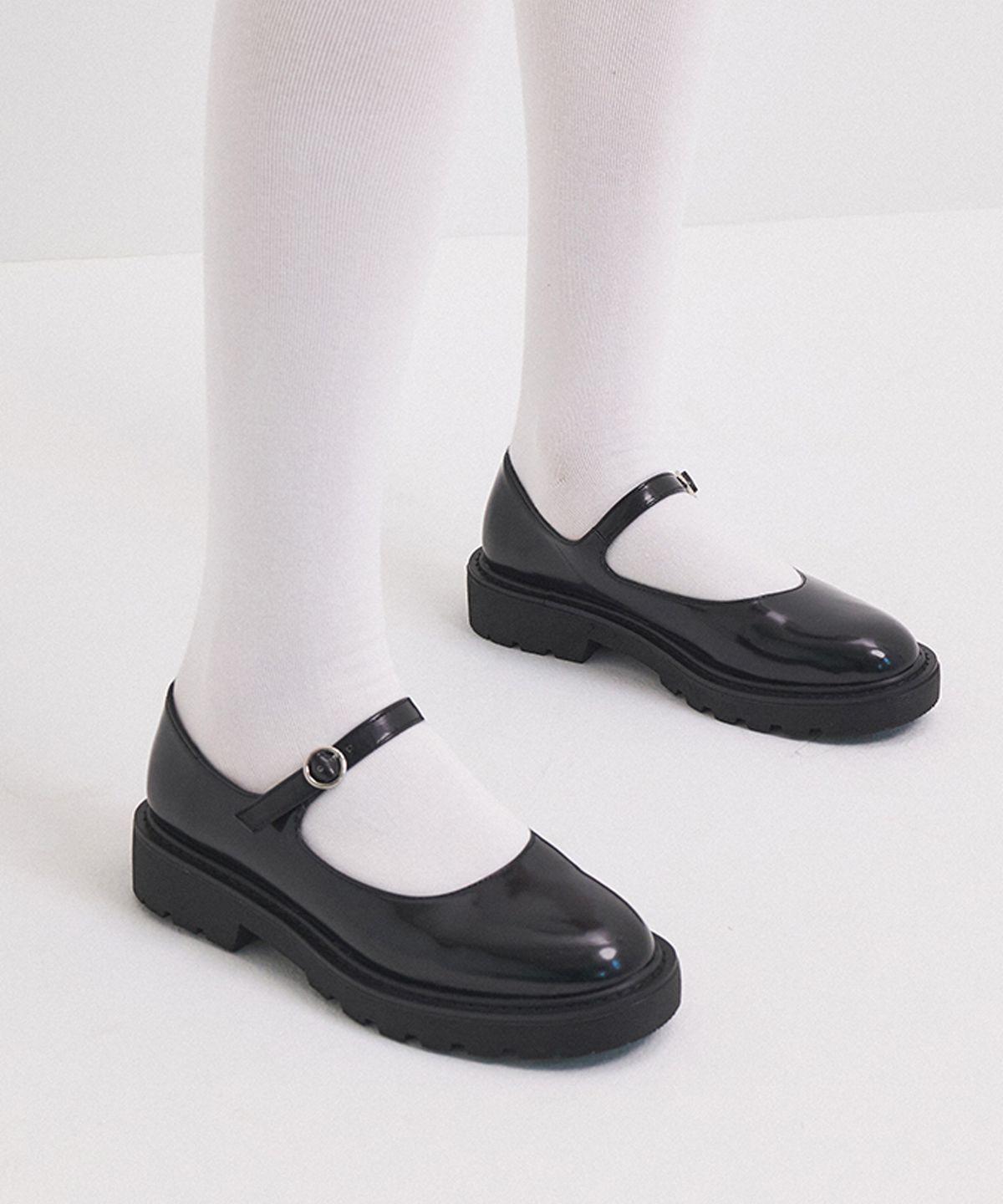 솔트앤초콜릿(SALT AND CHOCOLATE) 라운드 토 메리제인 청키 플랫 로퍼 412215005 (3.5cm/2colors)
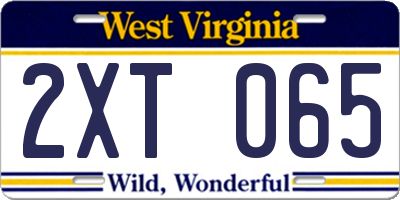 WV license plate 2XT065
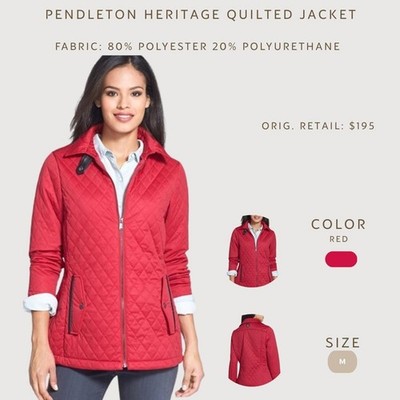Pendleton Heritage Quilted Jacket Women s M Red Zip Up Lightweight Coat Pockets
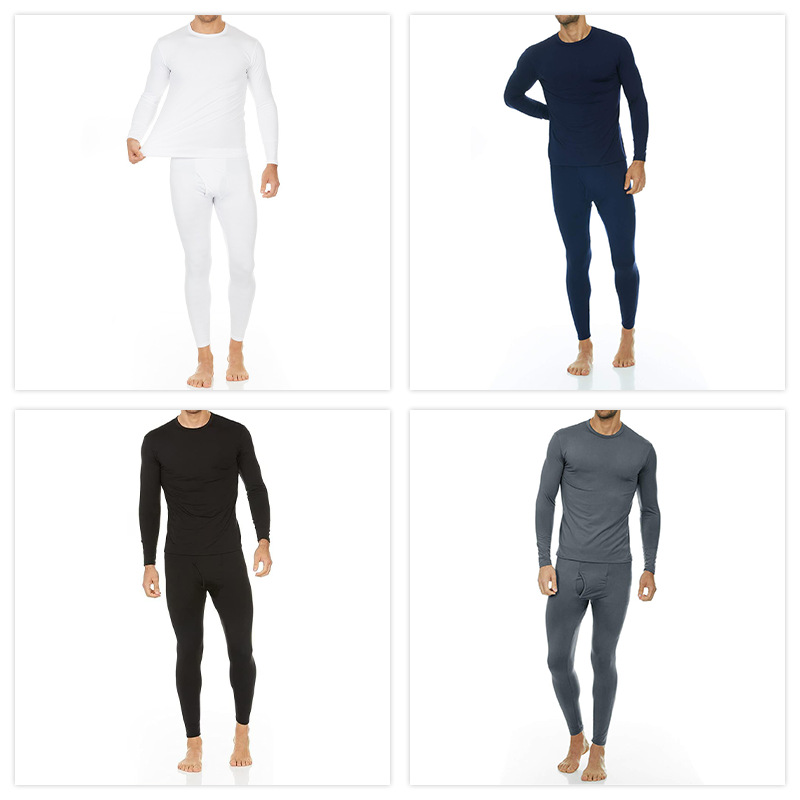 Amazon ropa de otoño de los hombres pantalones largos de ropa interior térmica de los hombres traje de primavera y otoño de color sólido apretado ropa de fondo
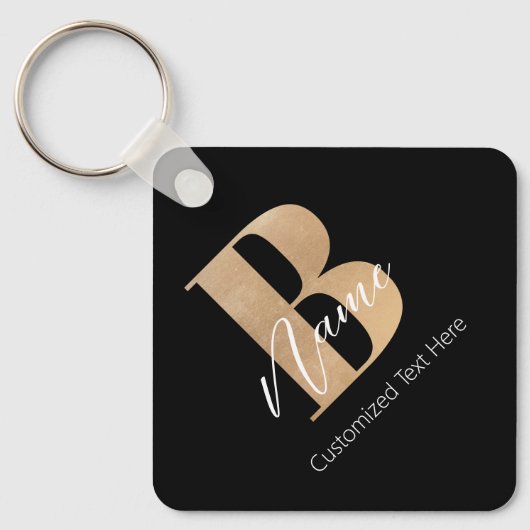 Modern Monogrammed Initiaal B & Naam Gepersonalise Sleutelhanger (Voorkant)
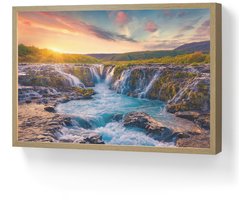 Wandlamp 60x40 cm - Oplaadbaar - Waterval - Planten - Mos - Landschap - Zonsondergang - Rots - Wandlampen binnen woonkamer - Slaapkamer lamp - Decoratieve nachtlamp - Vloerlamp draadloos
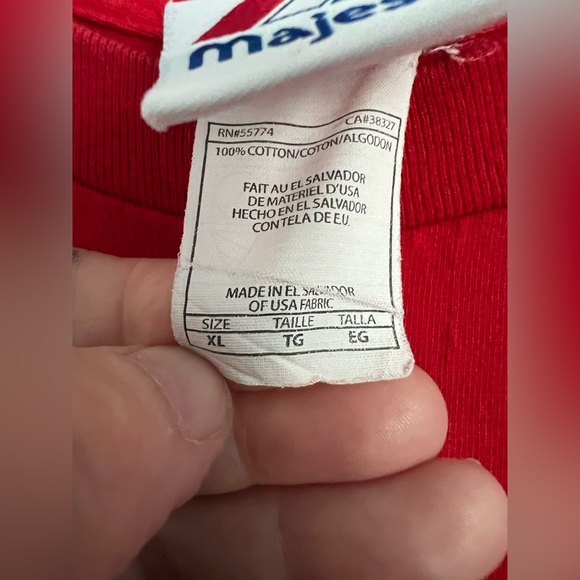 Size XL VINTAGE MAJESTIC TEXAS RANGERS BASEBALL red shirt sleeved Tshirt. - Picture 4 of 5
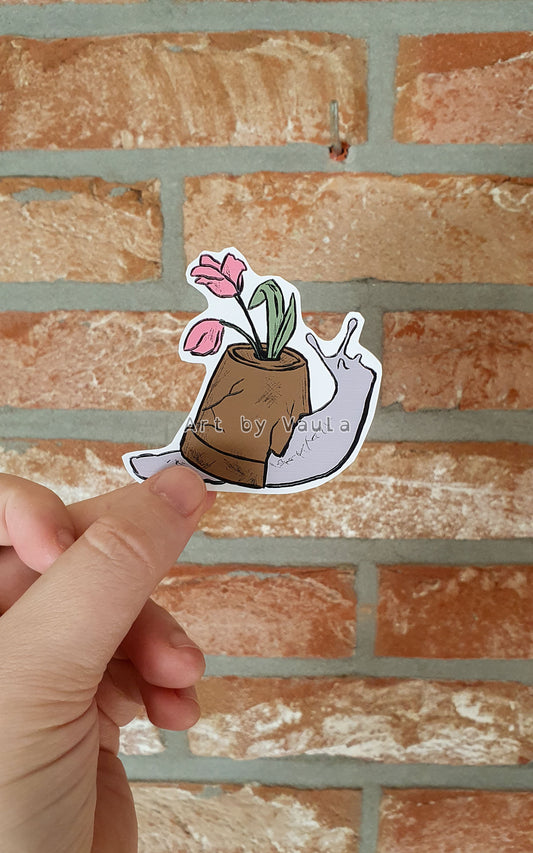 Snail Flower Pot -sticker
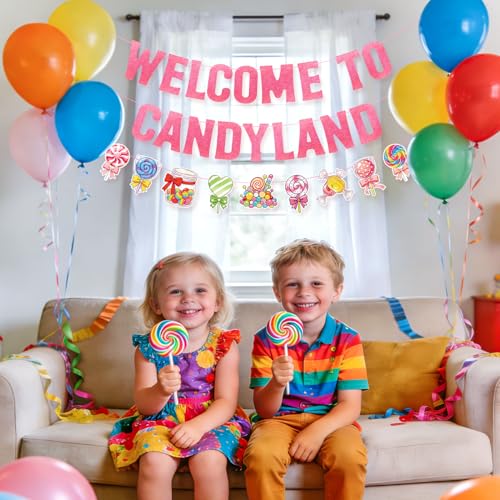 Candyland Birthday Party Banner - Pre-strung Colorful Garland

- _Requirement_
Exactly the lines from the one containing "Snail Flower Pot -sticker" through the last line of the material above, both included and free of pictures, should make up your answer, please.

- _Written solution_
 Snail Flower Pot -sticker
 Candyland Birthday Party Banner - Pre-strung Colorful Garland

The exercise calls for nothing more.